La norme applicable à la décision d'entreprendre une poursuite est prévue dans la directive ACC-3 du DPCP. La plupart des poursuivants publics au Canada disposent de directives qui imposent une norme semblable. Par ailleurs, les tribunaux reconnaissent que cette norme est plus exigeante que celle des simples motifs raisonnables et probables de croire qu'une personne a commis une infraction. Ils estiment aussi qu'un seuil moins élevé permettant l'introduction d'une poursuite serait incompatible avec le rôle du poursuivant en sa qualité d'officier de justice responsable d'assurer le respect et la recherche de la justice puisque la responsabilité première du procureur consiste en effet à s'assurer que justice soit rendue. Conséquemment, le procureur ne cherche pas à obtenir une condamnation à tout prix et doit éviter de porter des accusations si la preuve est insuffisante. Le procureur doit procéder à une appréciation professionnelle du fondement juridique d'une poursuite et ce n'est pas son opinion personnelle sur la culpabilité qui importe. Son examen doit demeurer objectif, impartial et critique. La décision de poursuivre ou non est une décision discrétionnaire prise par le procureur dans l'exécution de ses obligations professionnelles sans crainte d'ingérence judiciaire ou politique et sans céder à la pression médiatique. Par ailleurs, ce n'est pas la tâche du procureur de se prononcer sur de possibles fautes civile ou déontologique. Il ne cherche que les éléments qui lui permettent de conclure qu'un acte criminel a été commis et de déterminer s'il peut raisonnablement en faire la preuve. Il ne lui appartient pas non plus de formuler des commentaires ou des recommandations concernant les méthodes d'intervention policière.
Événement du 14 octobre 2015
L'enquête porte sur les circonstances entourant le décès d'une femme survenu le 14 octobre 2015, à Montréal. À cette date, deux policiers du SPVM interviennent dans un immeuble à logements à la suite d'un appel fait au 9-1-1, concernant une femme agressive que l'on souhaite expulser d'un appartement. Cette femme tiendrait parfois des propos suicidaires. Les policiers constatent que plusieurs appels de même nature ont été faits dans la dernière année concernant la même femme. Ils arrivent à l'immeuble à logements vers 11 h 35 et rencontrent la personne ayant fait l'appel. Celle-ci leur dit ne plus être capable de supporter son amie, qui s'avère être une voisine. Son amie serait alcoolique et il lui est arrivé, à quelques reprises, d'être en état de crise et de parler de suicide. Les policiers demandent si la femme est toujours en état de crise. La personne leur répond par la négative et ajoute que son amie s'est calmée, mais est encore en état d'ébriété. Le matin même, elle lui a dit avoir pensé à se suicider. Ensuite, un conflit a éclaté concernant la nourriture, ce qui a mené à l'appel fait au 9-1-1. En réponse à diverses questions des policiers, la personne leur dit ne pas craindre la femme et ne pas croire que celle-ci soit sérieuse lorsqu'elle parle de suicide.

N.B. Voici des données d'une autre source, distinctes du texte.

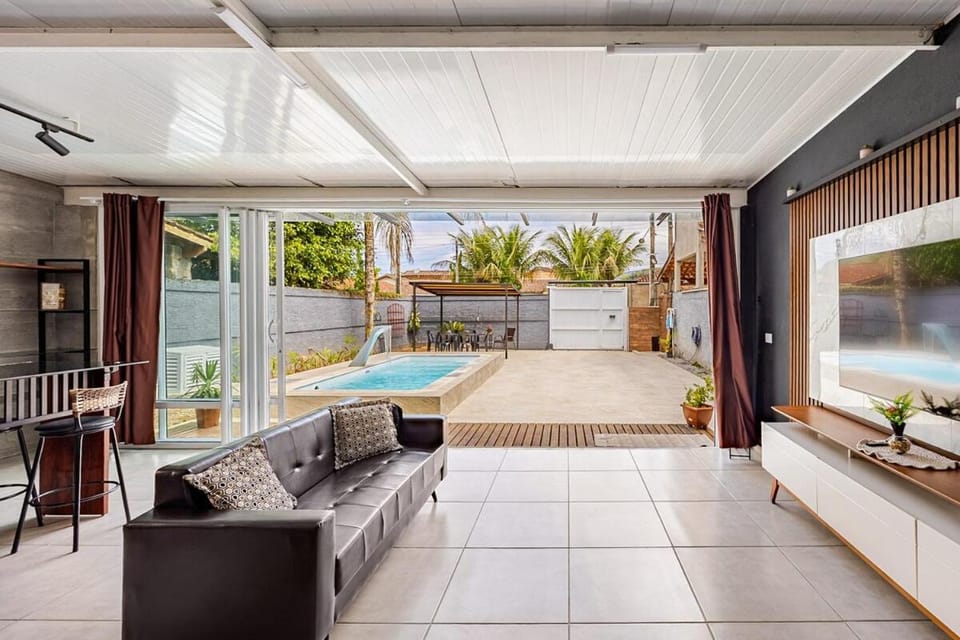 Communal lounge/ TV room, TV and multimedia, View (from property/room), Seating area, Pool view, Swimming pool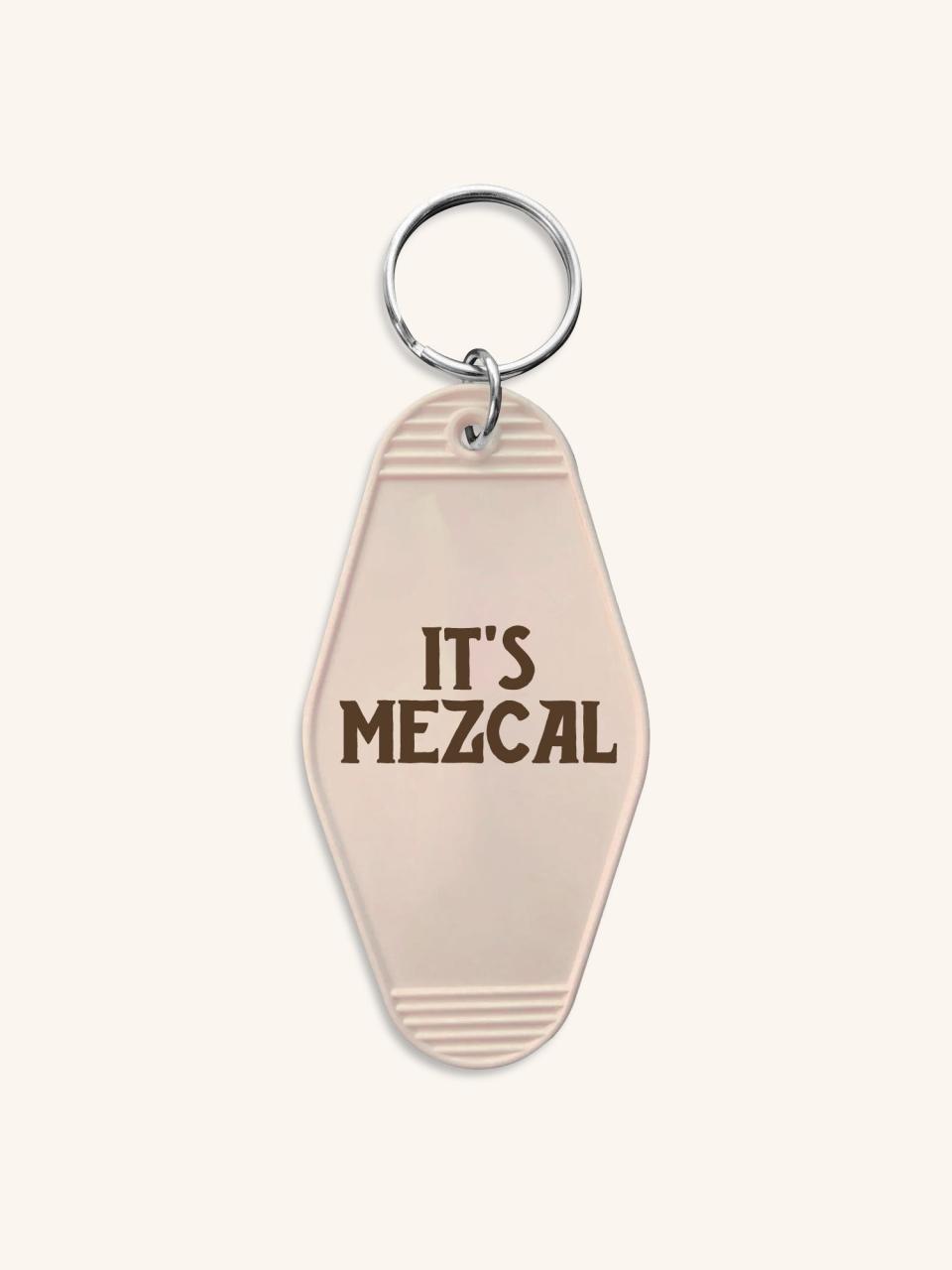 <p><a href="https://merch.doshombres.com/collections/all/products/its-mezcal-keychain" rel="nofollow noopener" target="_blank" data-ylk="slk:Shop Now;elm:context_link;itc:0;sec:content-canvas" class="link ">Shop Now</a></p><p>It's Mezcal Keychain</p><p>doshombres.com</p><p>$10.00</p>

À la suite de cette rencontre, les policiers se dirigent vers l'appartement de la femme. Ils la trouvent couchée au sol, dans le palier de l'immeuble, près de la cage d'escalier. Elle semble en état d'ébriété et marmonne à leur arrivée. Elle est toutefois capable de marcher seule et tient des propos cohérents. Les policiers la ramènent chez elle. Ils lui demandent si elle souhaite rester chez elle pour décompresser, ce qu'elle accepte. Ils analysent la situation et concluent qu'elle n'est pas en crise, qu'elle est alerte et orientée, qu'elle ne tient pas de propos suicidaires et qu'elle ne présente aucun signe d'agressivité. Ils décident de la laisser seule et sortent de chez elle. Ils attendent quelques minutes devant son appartement pour s'assurer que tout va bien. Il est midi lorsque les policiers quittent l'immeuble à logements. À 12 h 6, ils se trouvent dans leur véhicule de patrouille lorsqu'ils entendent, sur les ondes, un appel de la répartition concernant une femme qui vient de sauter d'un balcon situé à l'immeuble à logements où ils sont intervenus. Les policiers rebroussent chemin et se rendent devant l'immeuble où ils trouvent la femme auprès de qui ils étaient intervenus, couchée face au sol. Ils la tournent sur le dos et notent qu'elle a un léger pouls et que ses lèvres bougent. Ils tentent alors des manœuvres de réanimation. À 13 h 5, un médecin constate son décès sur place.
Considérant l'ensemble de la preuve, le DPCP est d'avis que les policiers du SPVM impliqués dans cet événement n'ont commis aucune infraction criminelle.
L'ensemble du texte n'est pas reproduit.